Ketiga, operasi moneter pro-market untuk efektivitas transmisi kebijakan, aliran masuk portofolio asing, dan pendalaman pasar uang.
Keempat, kecukupan cadangan devisa dijaga dan pengelolaan lalu lintas devisa sesuai kaidah internasional. Instrumen penempatan valas Devisa Hasil Ekspor Sumber Daya Alam (DHE-SDA) dinyatakan akan terus diperluas sehingga menarik bagi para eksportir.
BI memproyeksikan pertumbuhan ekonomi pada 2025 dan 2026 masing-masing sebesar 4,8-5,6 persen year on year (yoy) dan 4,9-5,7 persen yoy di tengah gejolak dan perlambatan ekonomi global.

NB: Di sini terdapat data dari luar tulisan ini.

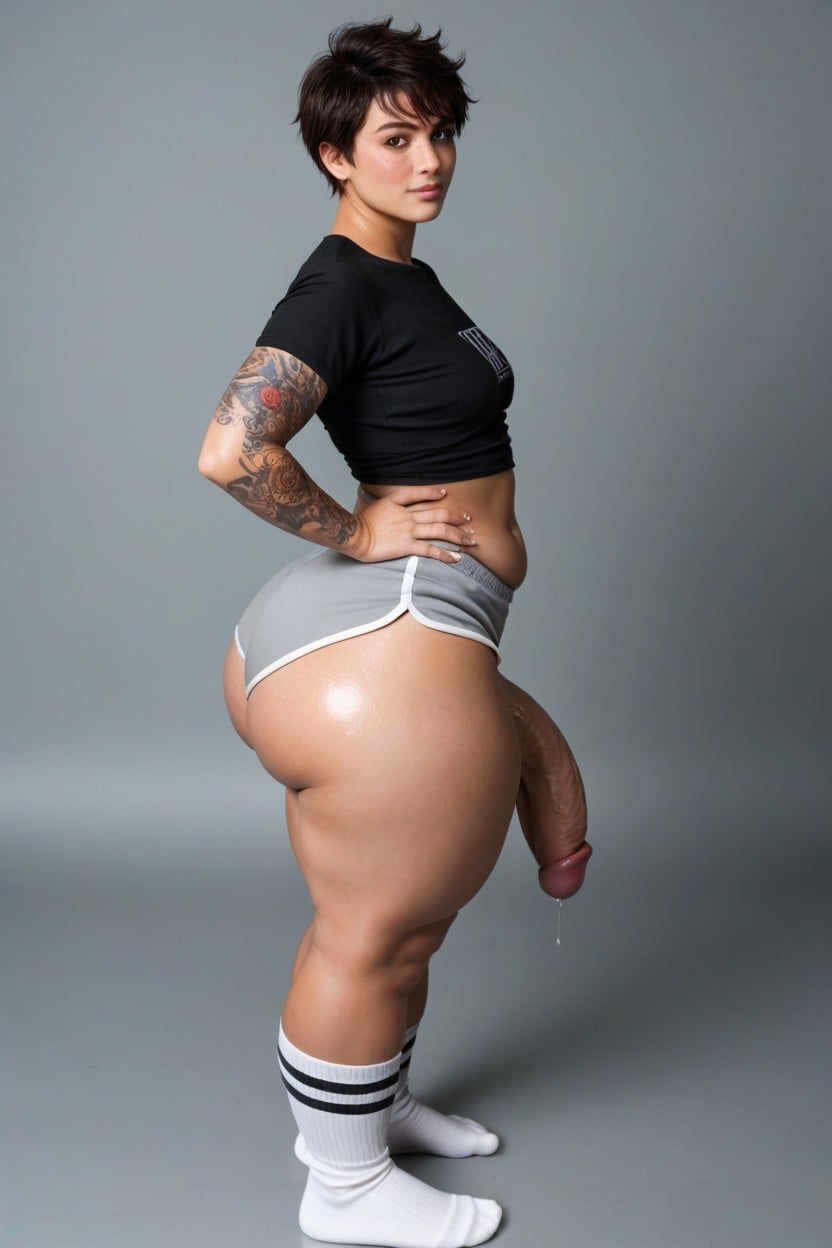 Full Body View, Huge Thighs, Black Shirt Shemale AI Porn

“Ekonomi Indonesia tahun 2025 dan 2026 akan menunjukkan kinerja yang cukup tinggi. Pertumbuhan akan membaik mencapai 4,8 sampai 5,6 persen pada 2025, dan 4,9 sampai 5,7 persen pada 2026,” ucap Perry.
Selain itu, konsumsi rumah tangga diprediksi meningkat 4,5-5,3 persen yoy pada 2025 dan 4,8-5,6 persen yoy pada 2026, investasi naik 4,4-5,2 persen yoy pada 2025 dan 4,7-5,5 yoy pada 2026, dan ekspor tumbuh 4,8-5,6 persen yoy pada 2025 dan 5,7-6,5 persen yoy pada 2026.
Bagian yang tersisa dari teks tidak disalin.